Well, I'll defer to your research on the bios, but as for "what they were writing about", I think the names should be switched. Socialism brought ruin to both England and America; Dickens succeeded, Rand did not.
And I'm modifying the post after a quick trip to Wikipedia. Let it be known that Dickens attended some very good schools and was a prolific reader. His father was a government bureaucrat, apparently a wastrel but no doubt well-educated. Anyone entering the literary arts in Dickens' age had to be top-notch - there was too much competition, and society was not yet debased enough for stream-of-consciousness ramblings. As for Rand, she reached the New World at age 21, so even if she learned English in Russia, it was probably not very good. Her career in Hollywood was devoid of any real accomplishments, but as I recalled, she cut a broad swath with her scathing wit and towering intellect. This was during the 1920s and 30s, and if you think Stalin's Russia was a happy land of contented peasants, please do a little more reading. Ruthlessly-efficient collectivization killed a lot more people than the Czar's incompetent bungling.

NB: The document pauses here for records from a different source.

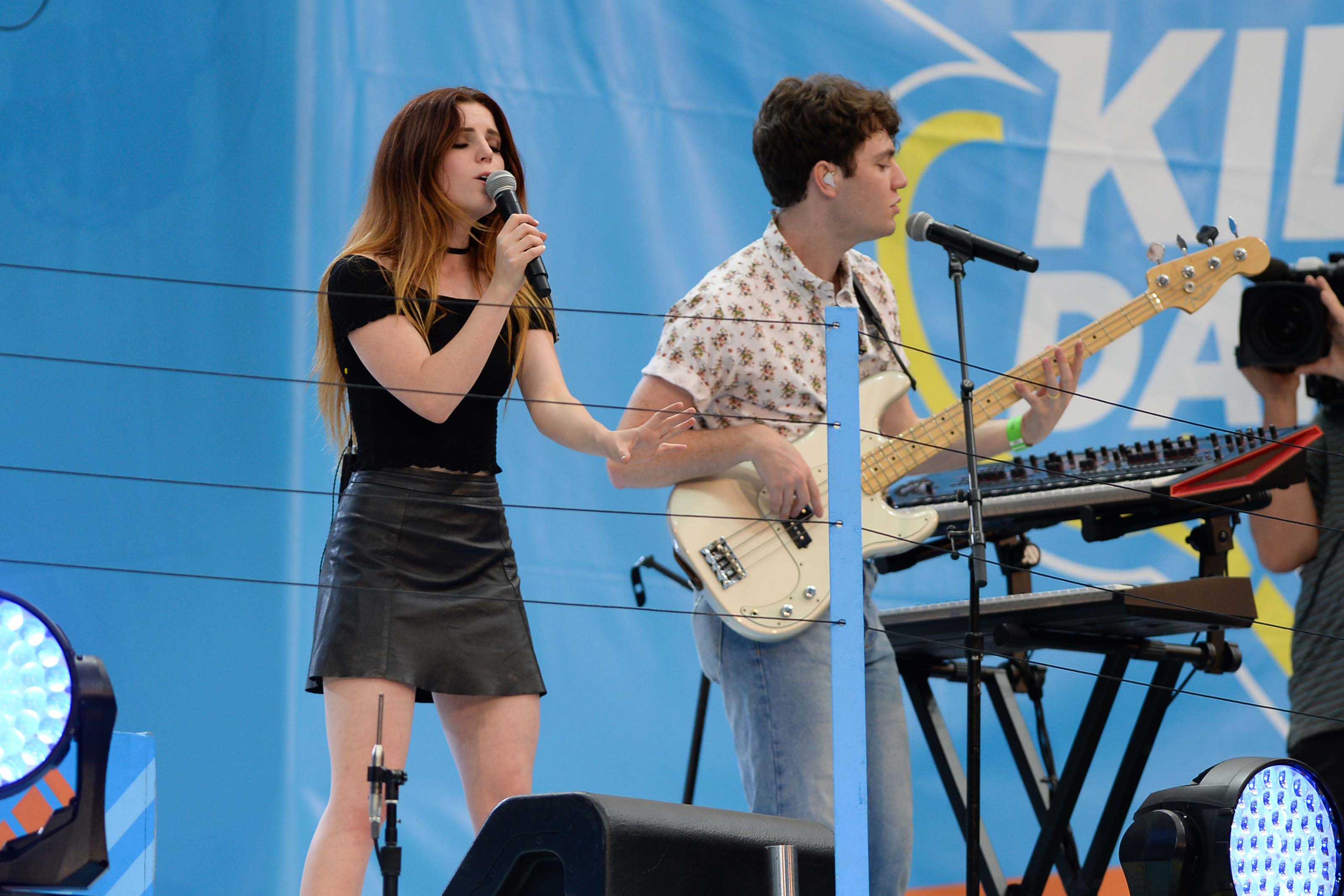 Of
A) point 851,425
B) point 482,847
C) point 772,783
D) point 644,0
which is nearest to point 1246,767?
point 851,425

And I'm gonna add something else. McWood didn't miss anything. You say there is nothing wrong with govt running SS if they do it right, but they can't. As long as govt produces the inflation numbers, they can understate it until, after 20 or 30 years, SS brings a hundred bucks or so in today's money, and there is nothing to stop another president from using it as a whip to herd the sheeple in whatever direction the socialist overlords want, as Obama did just last week. I think that backfired on him, too.